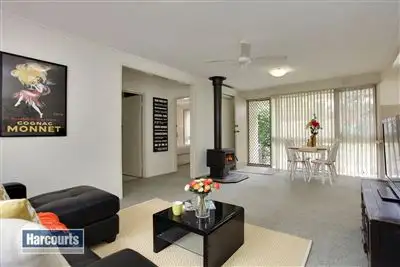 7/230 Bayswater Road, Bayswater North VIC 3153
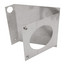Model 2007 Tank Baffle, 094021A0209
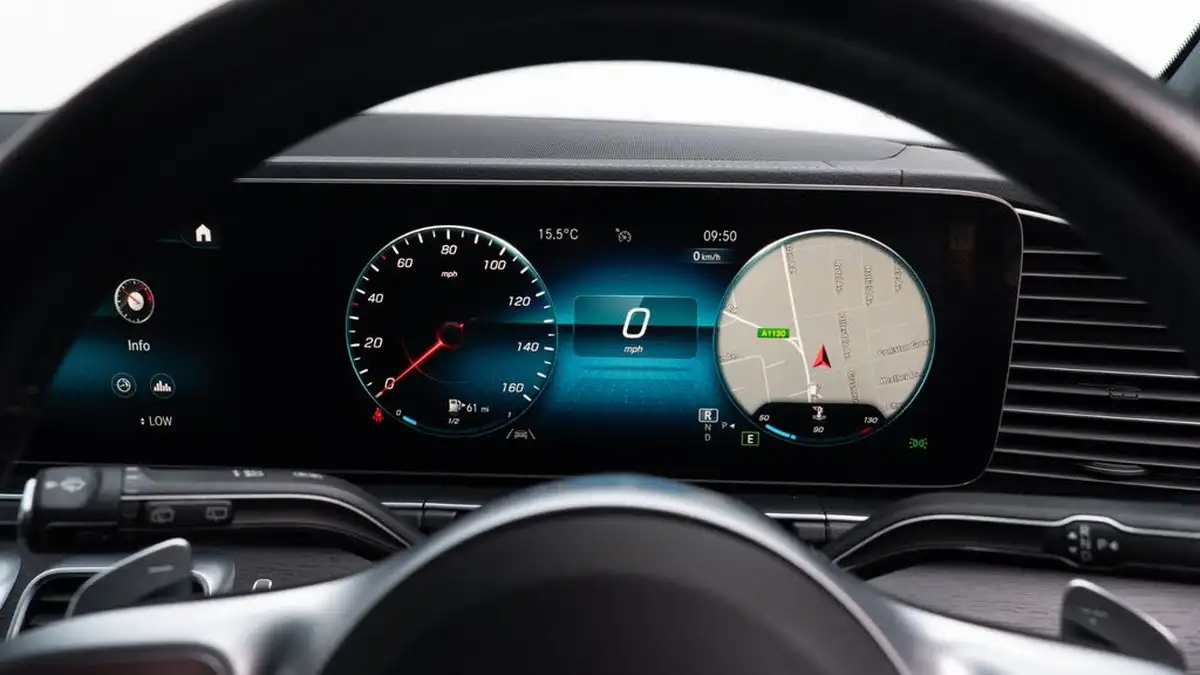 2020-mercedes-benz-gle-class-29d-gle350d-amg-line-premium-7-big-27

***

EXERCISE DETAILS
Beginning with the line that holds "Model 2007 Tank Baffle, 094021A0209" and ending with the last line of the material above, extract every line exactly, pictures excluded.

YOUR SOLUTION
Model 2007 Tank Baffle, 094021A0209
 2020-mercedes-benz-gle-class-29d-gle350d-amg-line-premium-7-big-27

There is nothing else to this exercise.